Internet governance now directly implicates questions of sovereignty – questions that were highlighted at NetMundial in the most contested issues at the meeting: surveillance, net neutrality, and intellectual property. The technologies of the Internet themselves are imbued with certain ideas of distributedness, openness, and efficiency. At times these ideas are at odds with traditional governing authority, which is centralized rather than dispersed, representative rather than open, and bureaucratic rather than efficient.
When we talk about Internet governance, what we are talking about is how to understand and renegotiate these definitions, which is why it is increasingly becoming the domain of public diplomacy. The discussions are diplomatic in nature and incorporate a broad range of state and non-state public actors. Many (though not all) of the issues talked about as part of Internet governance could in theory be dealt with via existing law. The question up for debate now is whether they should. Maintaining the values held by many of the Internet’s founders – transparency, openness, “rough consensus and running code” – requires that these debates occur in the public eye and open to the Internet’s next billion users.
The weeks following NetMundial highlighted a bumpy road ahead for Internet governance and a strong need for public diplomacy, in the sense of open, inclusive engagement between state and non-state actors. The debates around the transition of the IANA functions away from the U.S. government in particular have illustrated a perception gap over some of the basic history and functioning of the Internet (for a good illustration see this debate, between Jonathan Zittrain and L. Gordon Crovitz, over ICANN). The gap in perceptions over what the Internet is and what it should be thus presents a real obstacle for the negotiations ahead. Public diplomacy will be centrally implicated in a process that involves a multitude of stakeholders speaking different languages, with different technical backgrounds and different views of the future of the Internet.
NetMundial was a start, but it is by no means the end to this process.
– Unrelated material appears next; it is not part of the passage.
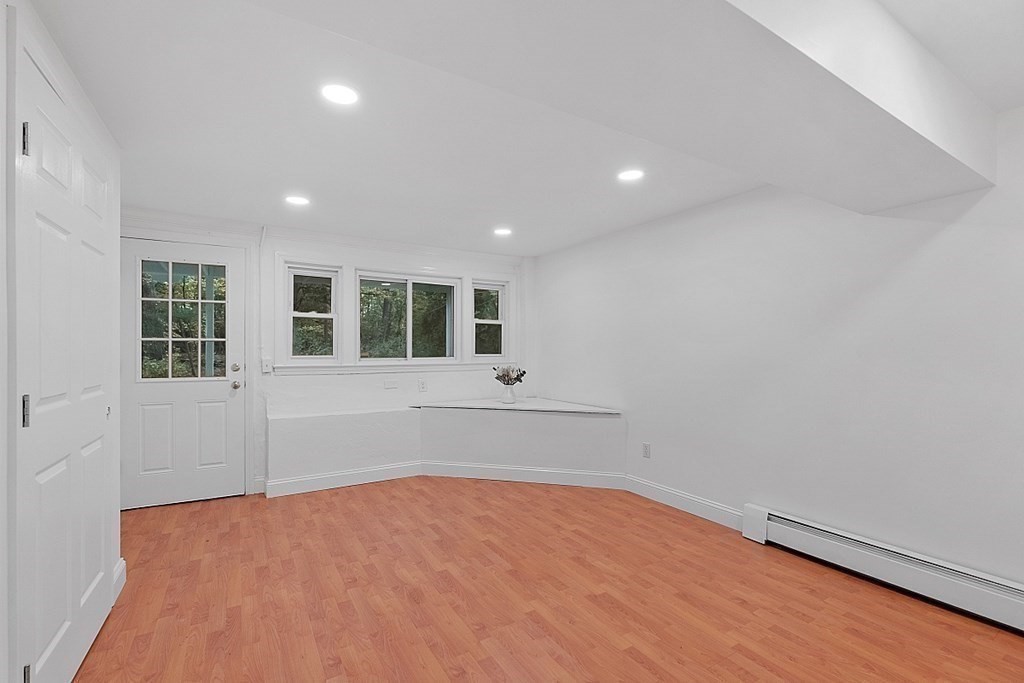 7 Sunnyside Ave Property Photo 18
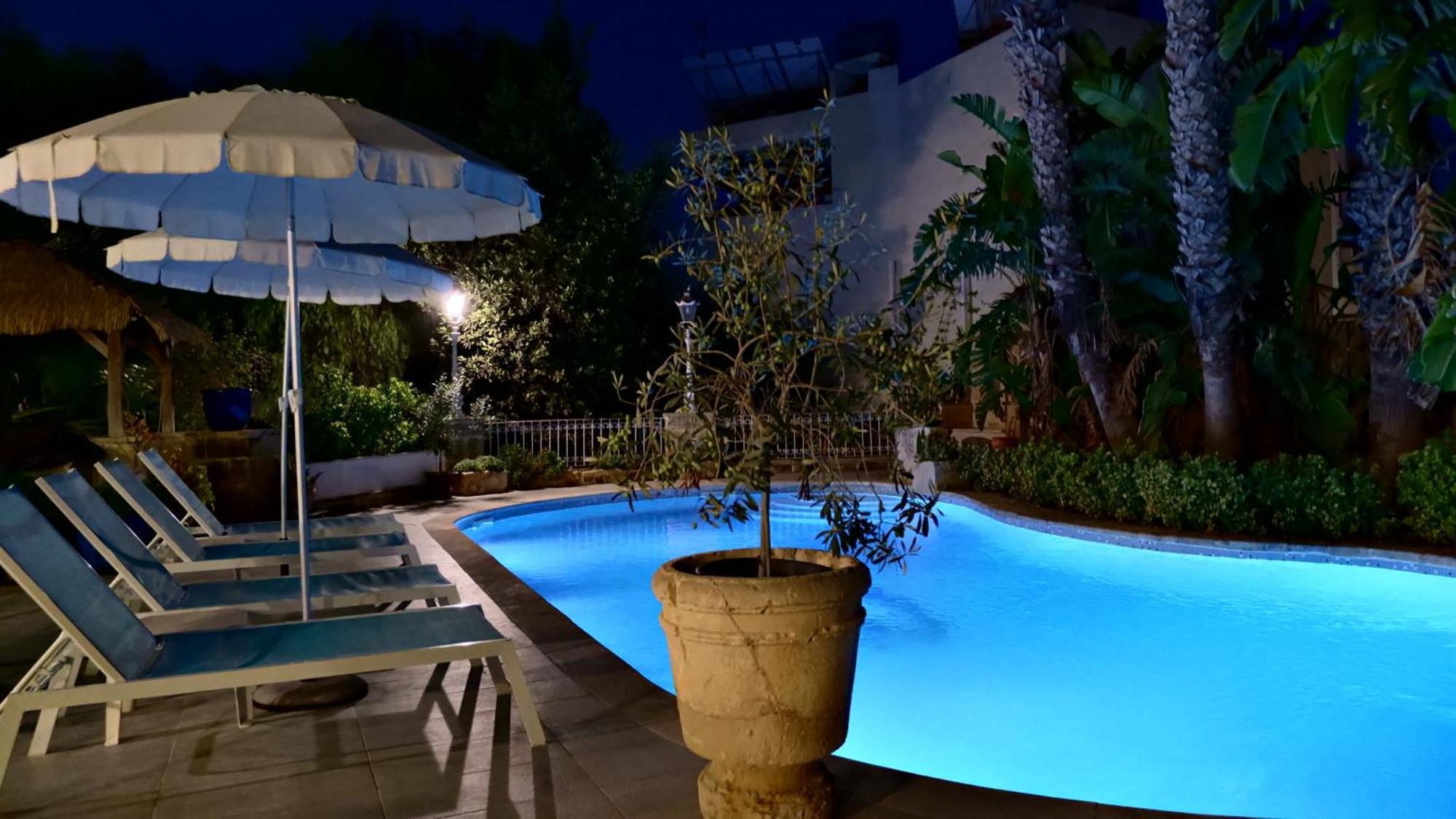 Village Knights Accommodation Żebbuġ Exteriör bild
This summer, many of the same players are gathering for the WSIS+10 review to explore progress toward multi-stakeholder governance. The ninth Internet Governance Forum in Istanbul and the ITU Plenipotentiary Conference in Korea will be two critical moments in the fall that will further shape the future of Internet governance. What that future will look like remains to be seen, but as the participants in São Paulo demonstrated, the process itself will bear many lessons for scholars of public diplomacy.